Sein Facebook-Profil sei weltweit öffentlich zugänglich, er habe in seiner „Freundesliste russische, finnische, amerikanische, türkische Kommunisten, von Indien und Bangladesch sowieso“; darüber auch von der Nepal Communist Party. Auch in Österreich können Personen dieses Profil sehen.

Gefragt, ob der BF sich vorstellen könne, dass seine Postings möglicherweise Personen in ihren religiösen Gefühlen verletzen könnten, wurde der BF emotional und referierte ausführlich seine sehr strikte ideologische Sicht.
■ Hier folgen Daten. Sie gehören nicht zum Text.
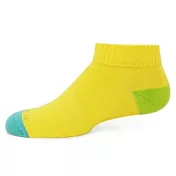【 PULO 】活力高彩氣墊運動襪-亮黃-L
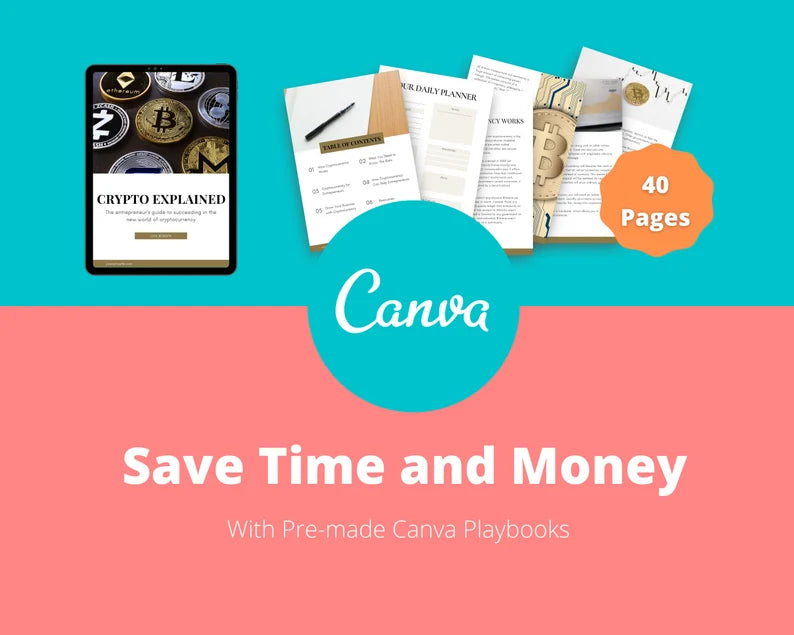 BUNDLE of 7 Crypto Playbooks in Canva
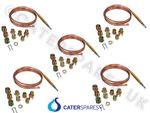 GAS PILOT BURNER SUPER UNIVERSAL COMMERCIAL THREADED THERMOCOUPLE PACK OF 5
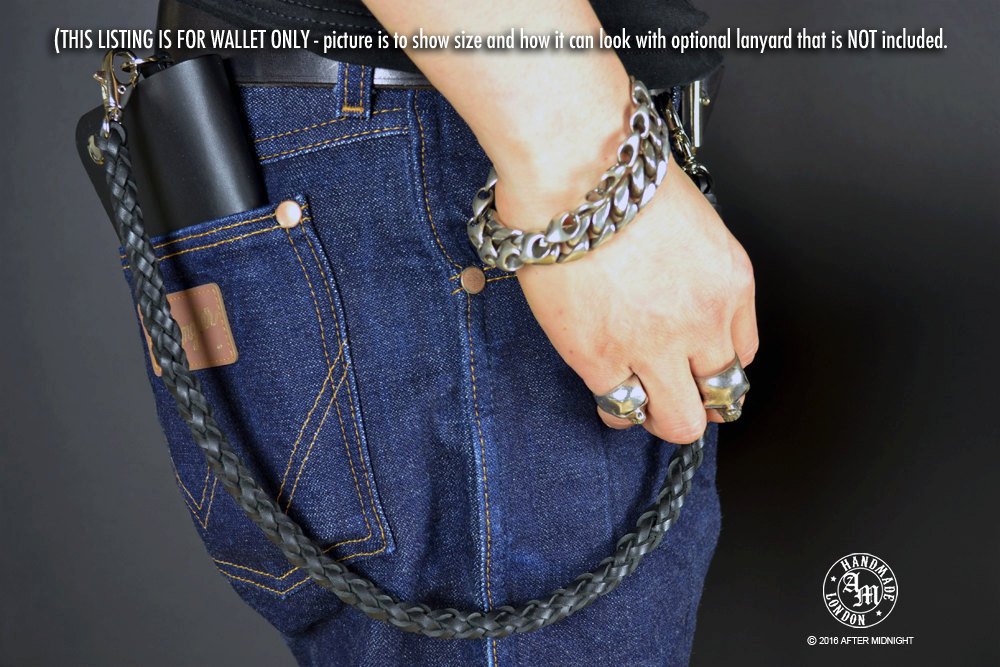 Trucker Wallet 'Standard' in Black - Long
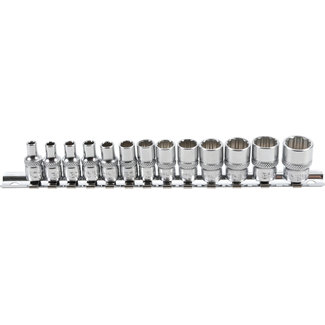 BGS technic Doppenset twaalfkant 1/4" 4 - 14 mm 13 delig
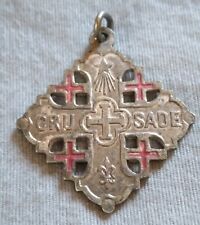 Antique Crusade God Wills It Cross Medal. picture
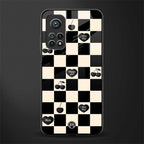 black cherries check pattern glass case for mi 10t 5g image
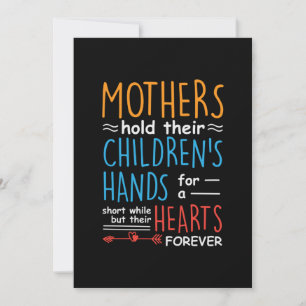 Convites Mamãe Presente Mães Seguram As Mãos Dos Filhos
Zusammengefasst meinte der BF, dass das, was er poste, der Wahrheit entspräche und damit verletze er niemanden in seinem persönlichen Grundrecht oder seiner Religionsfreiheit.

Von seiner Rechtsanwältin gefragt, wann der BF das letzte Mal in eine Moschee gegangen sei, meinte dieser, dass er vor acht bis neun Monaten dort gewesen sei, um zu beten; die Leute hätten jedoch gesagt: ‚da sieh, dieser Atheist‘. Das sei das letzte Mal gewesen. Wenn er zurückkehren müsste, dann würden ihn viele Menschen als „Moslemgegner“ kennen, obwohl er kein „Moslemgegner“ sei, sondern er nicht an Gott und die Religion glaube. Seine Eltern würden derzeit nicht zusammenleben und seine Schwester würde am College als „Atheisten-Schwester“ beschimpft werden. Es sei ihm wichtig, seine Meinung äußern zu können, aber er wolle nicht in einer Religion versinken, sei es mit Hindus, Muslime, Buddhisten oder Christen. In Bangladesch sei es nicht möglich offen zu sagen, dass man religionslos sei. Alleine durch seine Postings bekomme er Morddrohungen und sei seine Familie in Schwierigkeiten. Der Vater habe, so der BF wieder emotional, die Rinderfarm schließen müssen, weil der XXXX , der Nachbar sei, herausbekommen habe, dass der BF die Kommunistenpartei unterstütze und Atheist sei.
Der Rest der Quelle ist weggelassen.